[[ DATA PROVIDED, beginning ]]
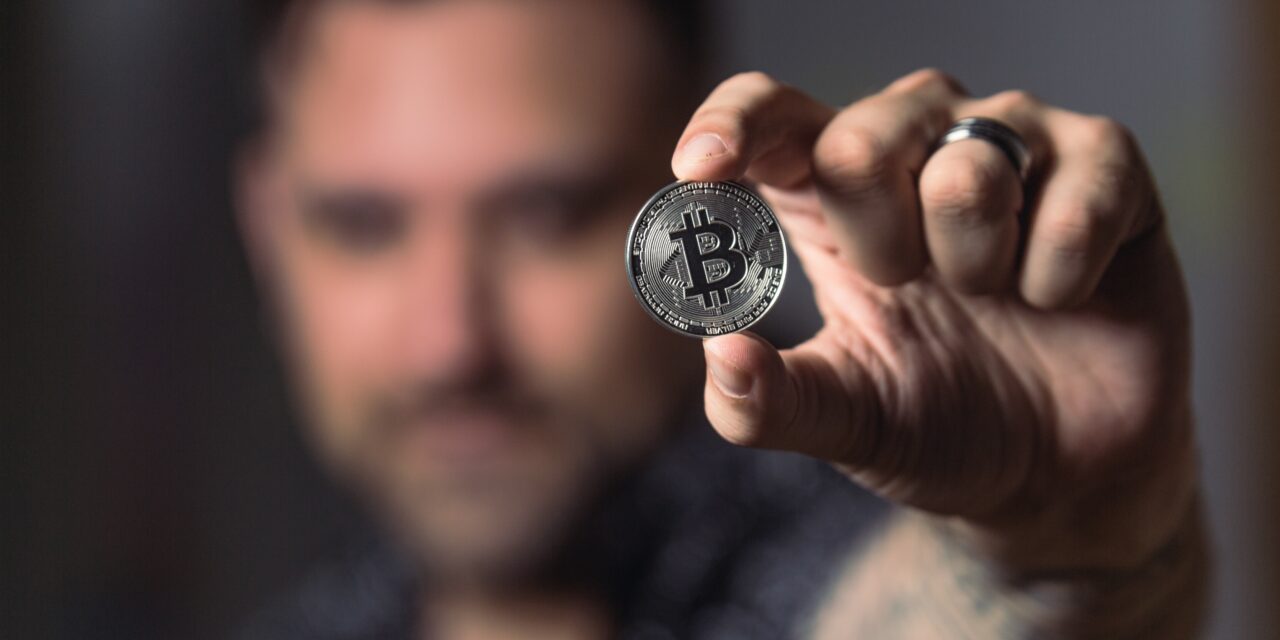 Make huge Money Using Bitcoin and Other Cryptocurrencies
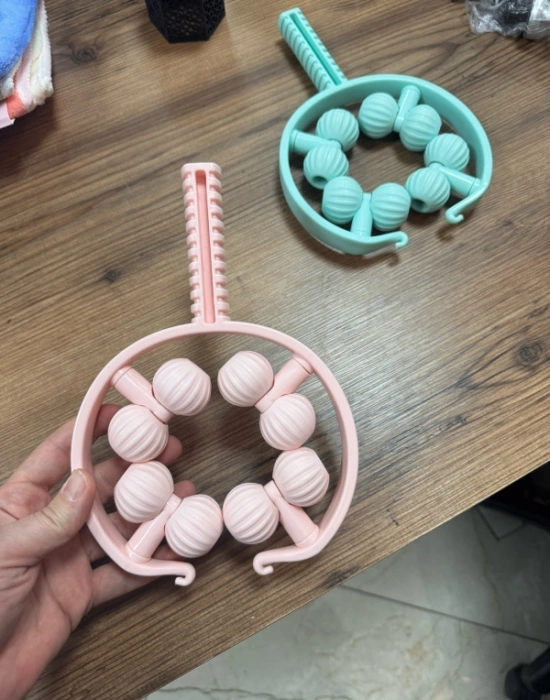 B. 8 Tekerli Küçük Boy Ayak Kol Masaj Aparatı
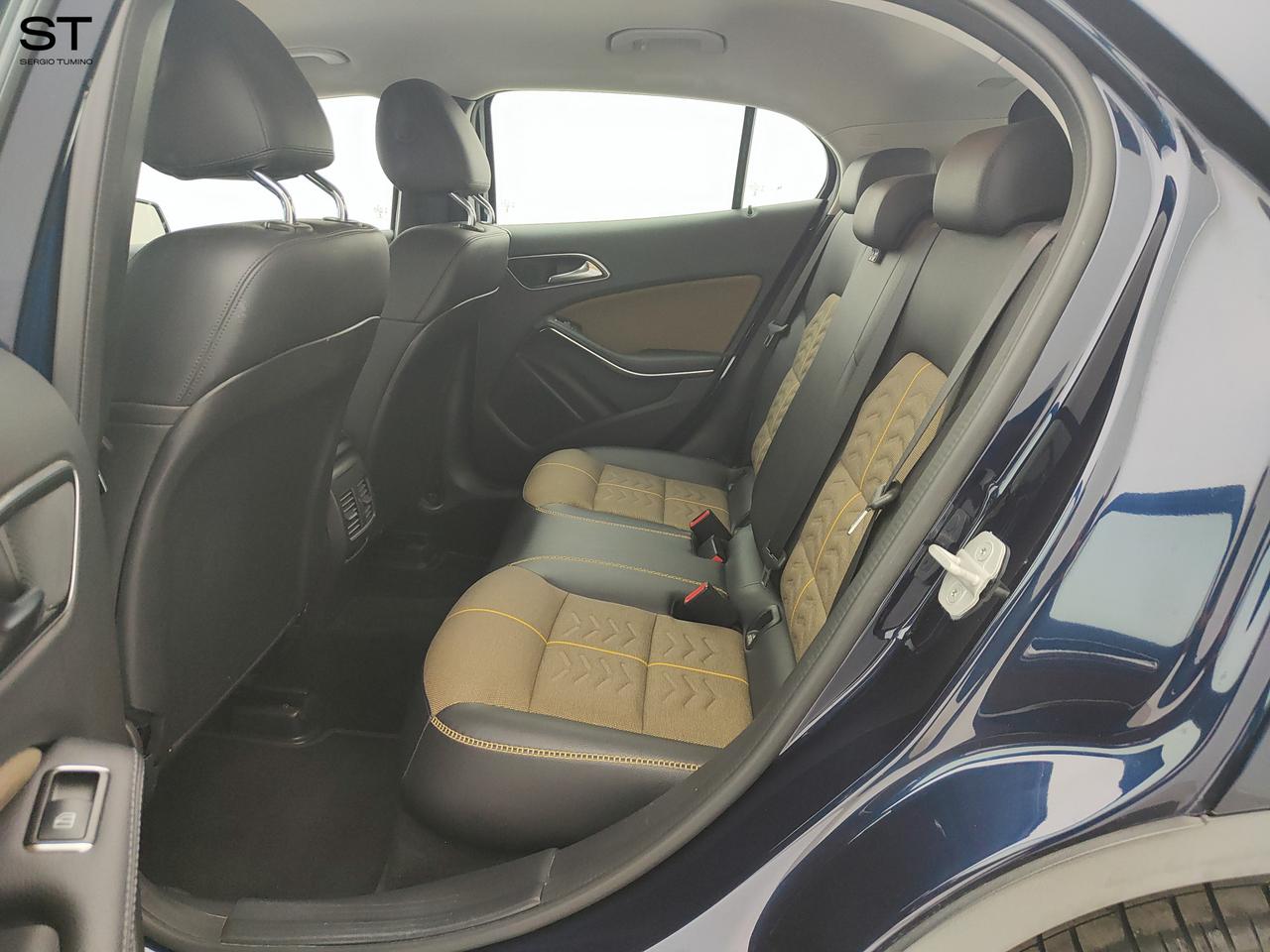 Mercedes-Benz GLA (X156) - GLA 180 d Executive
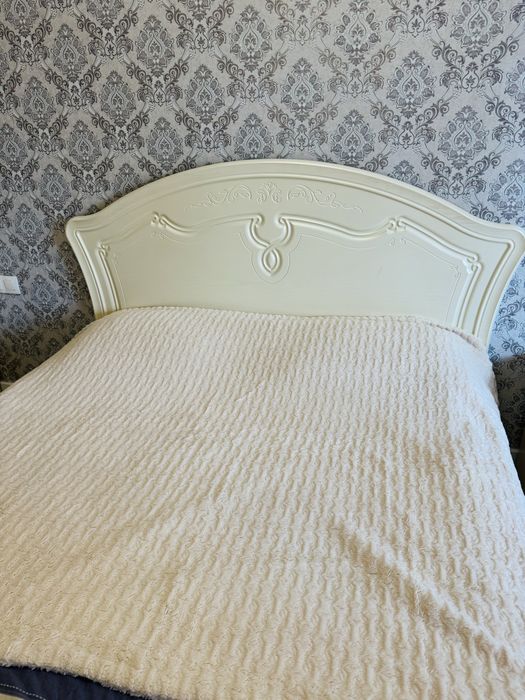 Кровать двуспальная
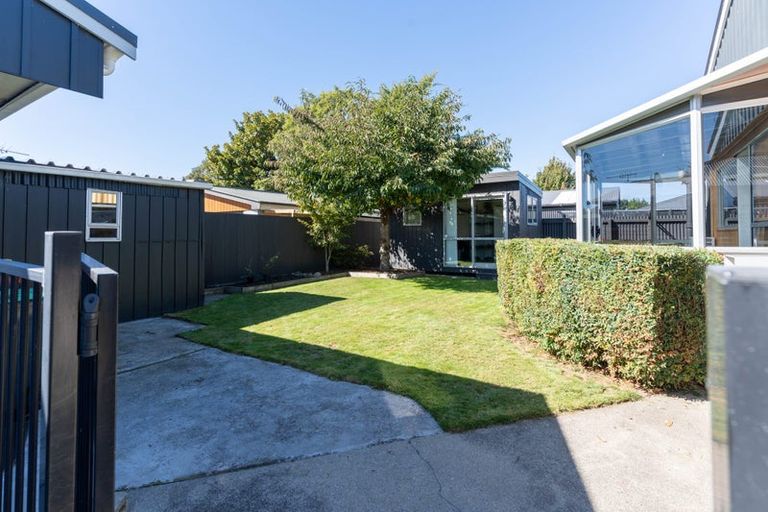 Photo of property in 10 Warren Crescent, Hillmorton, Christchurch, 8025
[[ DATA PROVIDED, end ]]
__WHAT THE EXERCISE ASKS__
When you copy the listing above, reproduce every line exactly and skip the images.

__RESULT FOR THIS TASK__
 Make huge Money Using Bitcoin and Other Cryptocurrencies
 B. 8 Tekerli Küçük Boy Ayak Kol Masaj Aparatı
 Mercedes-Benz GLA (X156) - GLA 180 d Executive
 Кровать двуспальная
 Photo of property in 10 Warren Crescent, Hillmorton, Christchurch, 8025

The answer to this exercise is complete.